Graduates of the MSIM program appear as coauthors with Assistant Professor Kevin Desouza on four recently published and forthcoming papers.
Nina Yuttapongsontorn (MSIM 2007), along with collaborators Dr. Desouza and Prof. Ashley Braganza (formerly of Cranfield School of Management and now with Brunel Business School in the UK), co-wrote a case study entitled "Complexities of Large-Scale Technology Project Failure: A Forensic Analysis of the Seattle Popular Monorail Authority." Published in the March 2008 issue of Public Performance and Management Review, the paper critically analyzes the Seattle Monorail Project "through the lens of stakeholder theory." The authors develop several propositions concerning stakeholders that pertain to large-scale technology projects. They propose that organizations in charge of such projects are more likely to implement them successfully if they understand, monitor and work to influence stakeholder dynamics.

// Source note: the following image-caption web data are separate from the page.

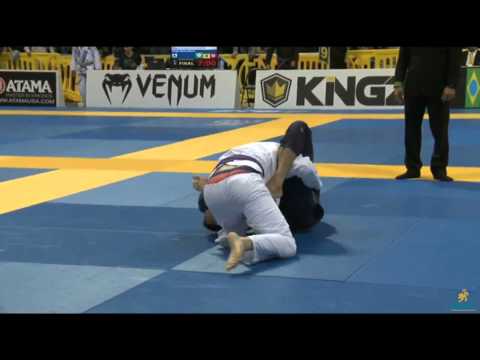 Dominique Bell - Worlds 2015 - Match 3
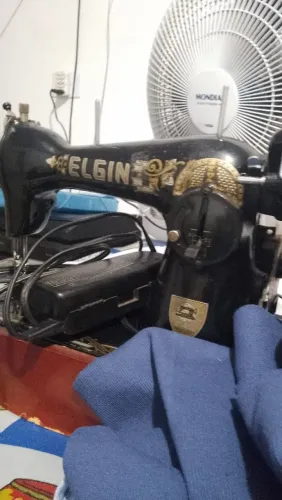 Máquina de custura Elgin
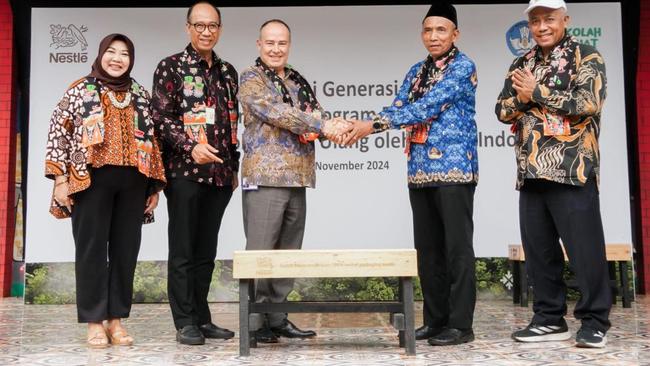 Nestle Indonesia Distribusikan 5.000 Bangku Daur Ulang ke 500 SD di RI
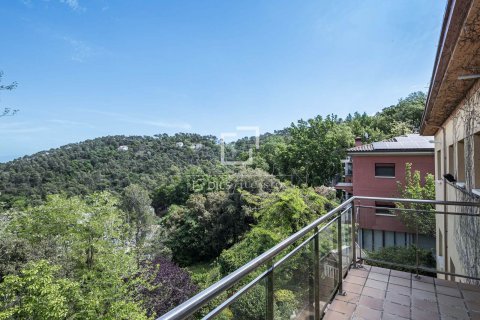 Villa de 6 dormitorios en venta en Sant Cugat del Vallès, Barcelona, Cataluña, Spain № 6651 - foto 22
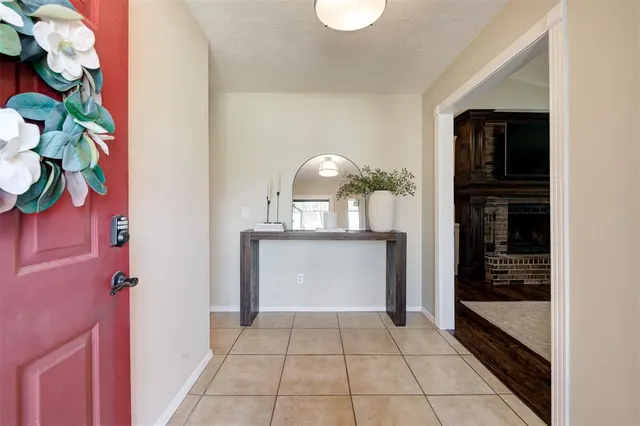 Photo 4 — 12020 Silver Sun Drive, Oklahoma City, OK 73162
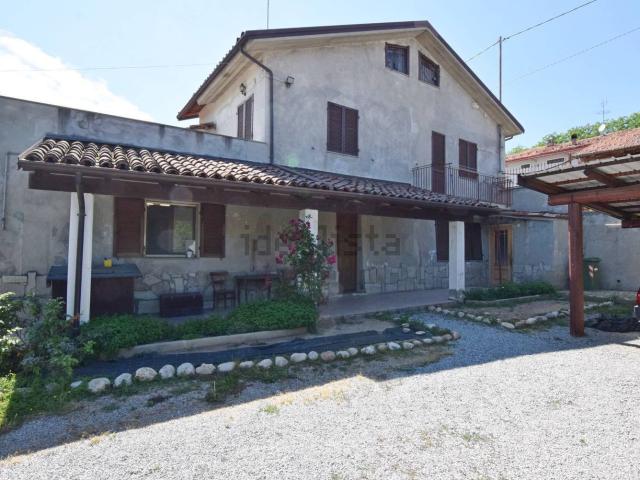 Villetta a schiera in vendita di 157 m² in Via Langhe, 382
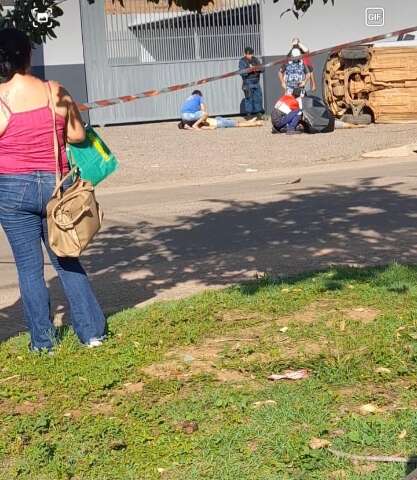 Tia que viu sobrinho ser executado passa por cirurgia ortop&eacute;dica na Santa Casa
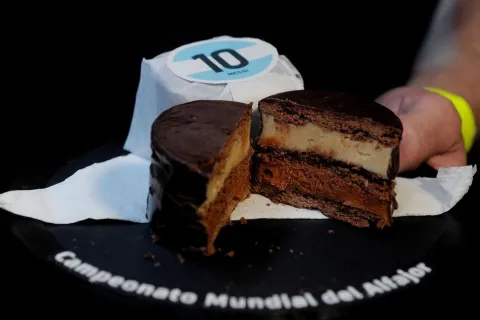 Campeonato Mundial del Alfajor 2023: un alfajor de Campana fue elegido como el mejor del mundo La segunda edición del Campeonato Mundial del Alfajor eligió el mejor alfajor mundo en su tercera noche en la Ciudad de Buenos Aires.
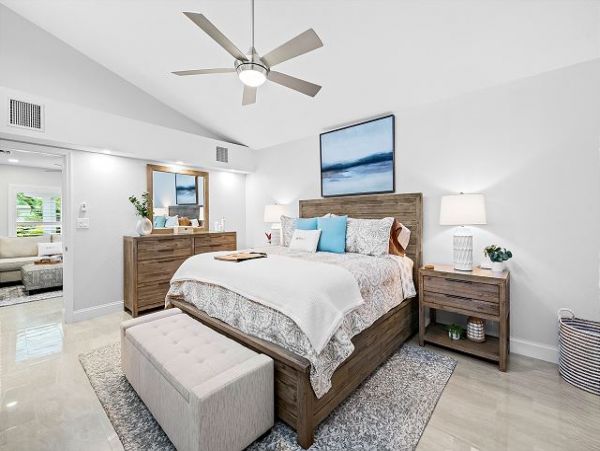 Three Bedroom Charming Vacation Home Sleeps 6
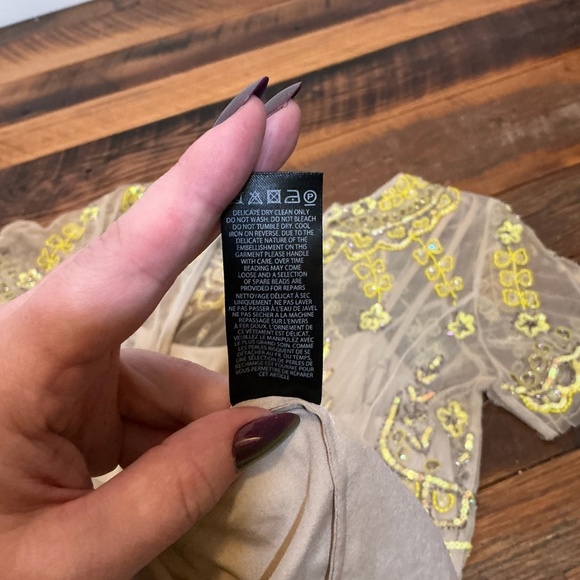 Needle & Thread Tiered Petal Embellished Tulle Dress in Beige Yellow Size 8 - Picture 15 of 15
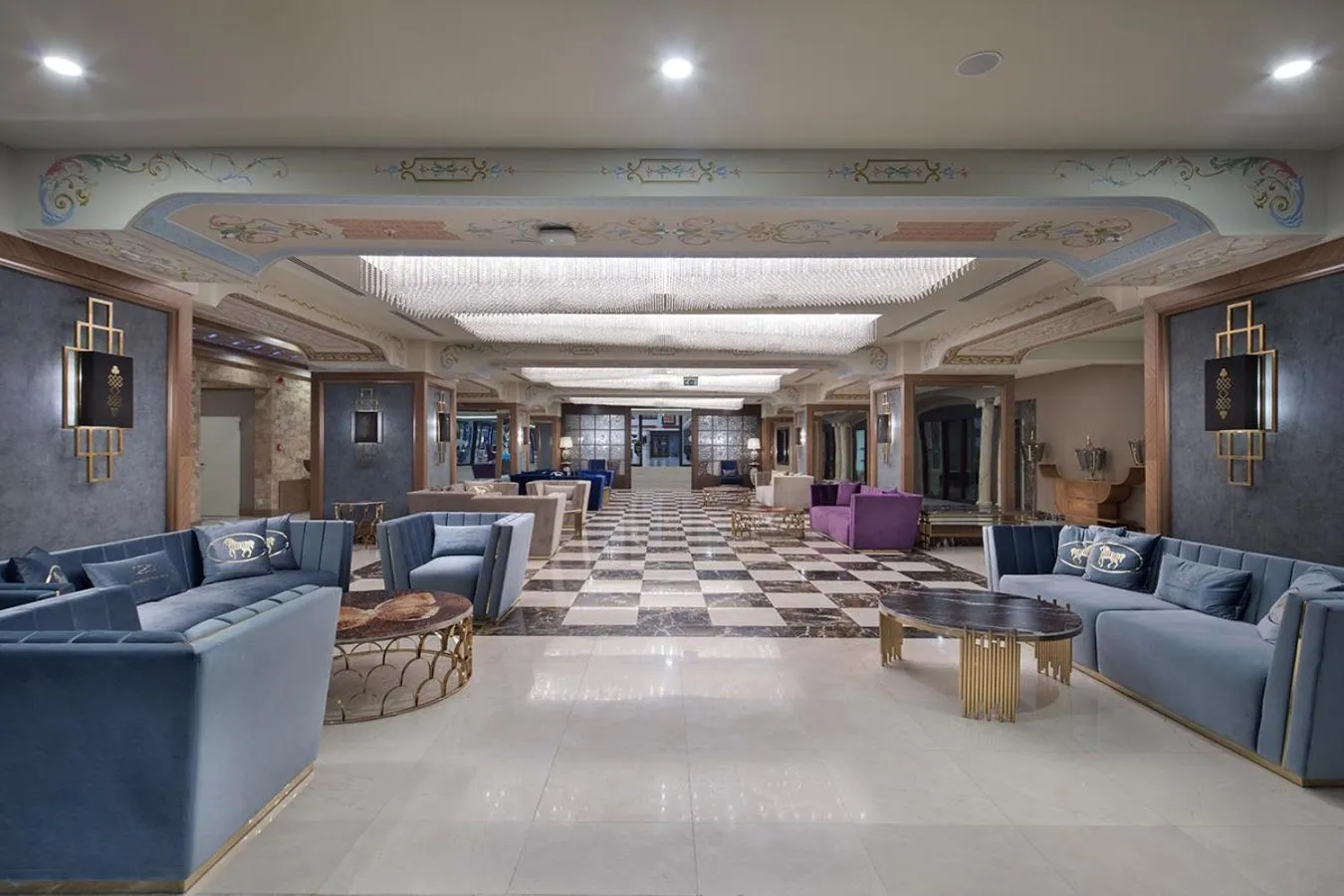 Seating area in Grand Millennium Konya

The Winter 2007 issue of Business Strategy Review, published by the London Business School, carries an article by Bryce Smart (MSIM 2008) and Dr. Desouza: "Overcoming Technology Resistance." Information technology managers in small- to medium-sized enterprises (SMEs), say Smart and Desouza, should apply specific techniques to get employees to embrace innovation. Their "ten lessons" for the SME manager encompass defining success at both the strategic and the operational levels, understanding how to motivate employees, and using reinforcement appropriate to the employee's behavior.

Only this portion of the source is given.